** Data follows **

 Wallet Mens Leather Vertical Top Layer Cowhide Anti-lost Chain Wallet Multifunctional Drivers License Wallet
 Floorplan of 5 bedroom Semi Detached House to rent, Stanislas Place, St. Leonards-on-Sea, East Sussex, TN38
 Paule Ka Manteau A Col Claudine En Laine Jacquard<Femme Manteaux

** End of Data **
** Data follows **

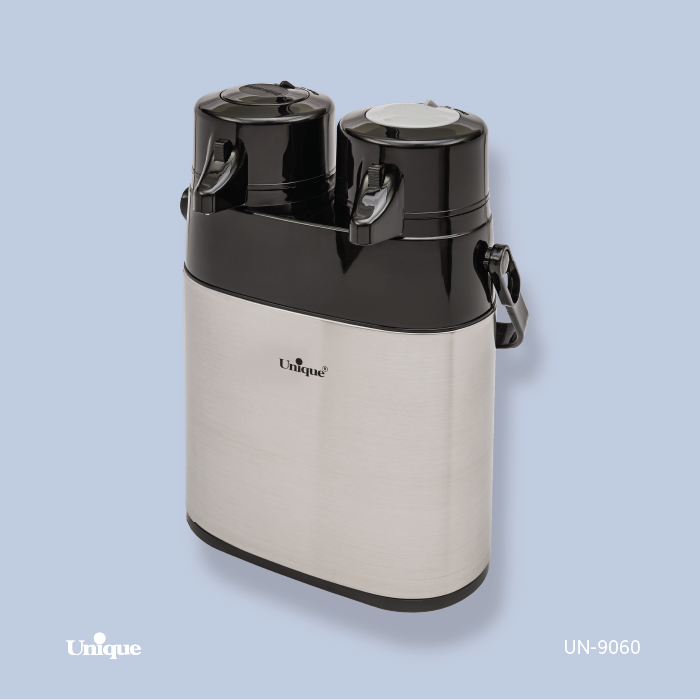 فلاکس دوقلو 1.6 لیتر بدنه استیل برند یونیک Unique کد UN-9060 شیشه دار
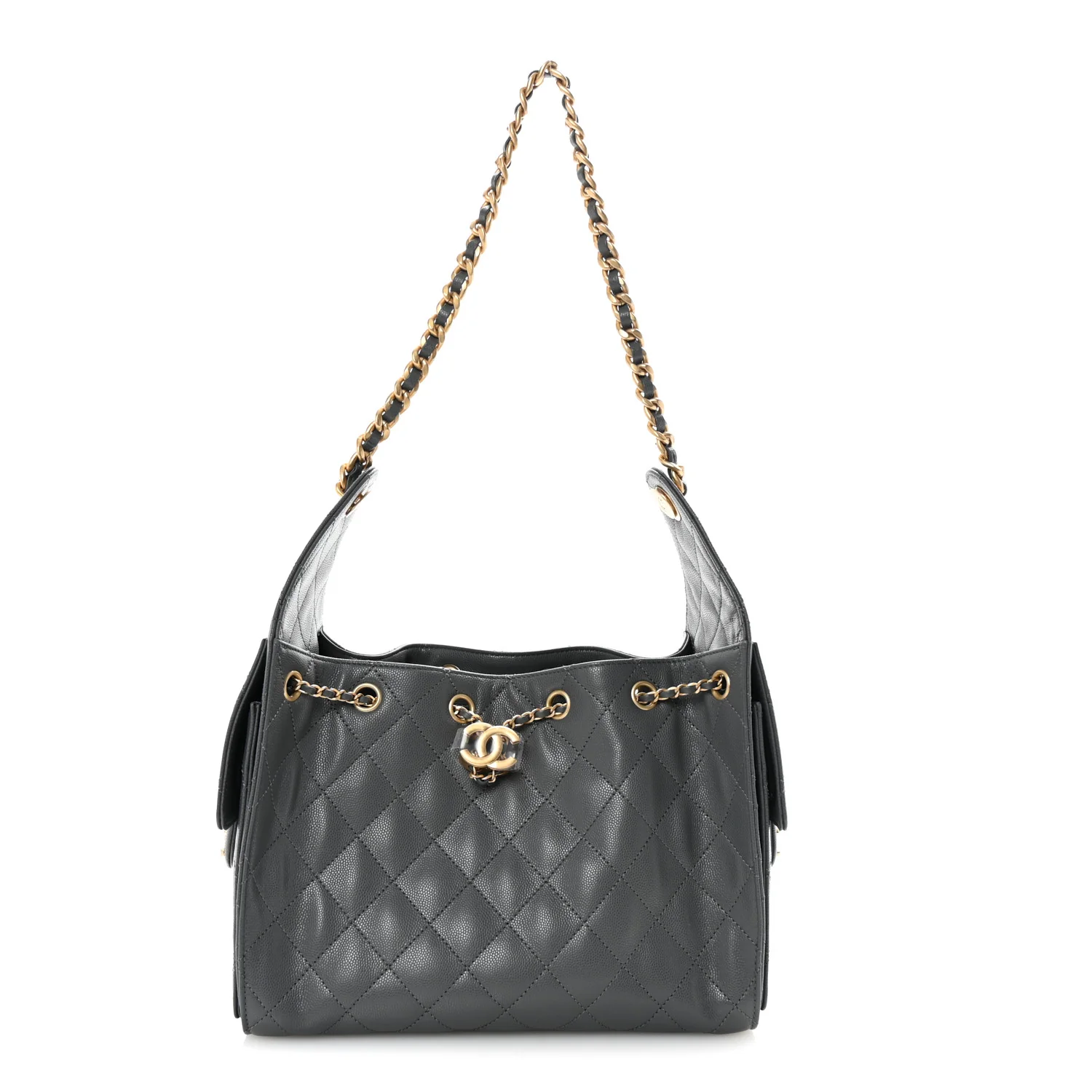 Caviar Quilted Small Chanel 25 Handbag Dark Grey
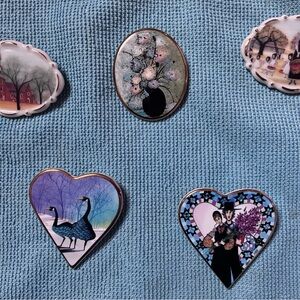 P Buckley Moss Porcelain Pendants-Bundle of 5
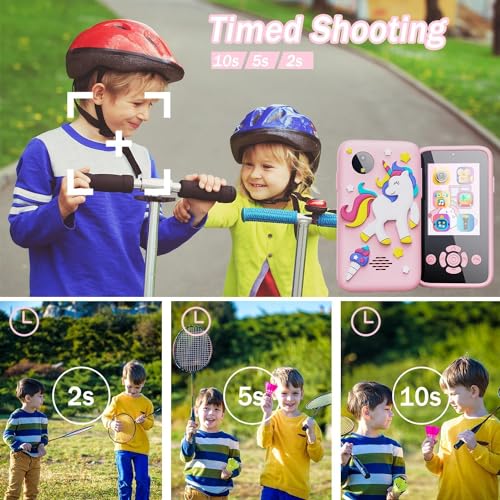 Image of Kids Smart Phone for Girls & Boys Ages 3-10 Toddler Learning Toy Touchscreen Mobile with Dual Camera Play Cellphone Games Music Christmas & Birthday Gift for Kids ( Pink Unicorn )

** End of Data **

Your instructions:
Output the material above exactly, but only from the line that carries "Wallet Mens Leather" through the line that carries "Floorplan of 5".

Task result:
 Wallet Mens Leather Vertical Top Layer Cowhide Anti-lost Chain Wallet Multifunctional Drivers License Wallet
 Floorplan of 5 bedroom Semi Detached House to rent, Stanislas Place, St. Leonards-on-Sea, East Sussex, TN38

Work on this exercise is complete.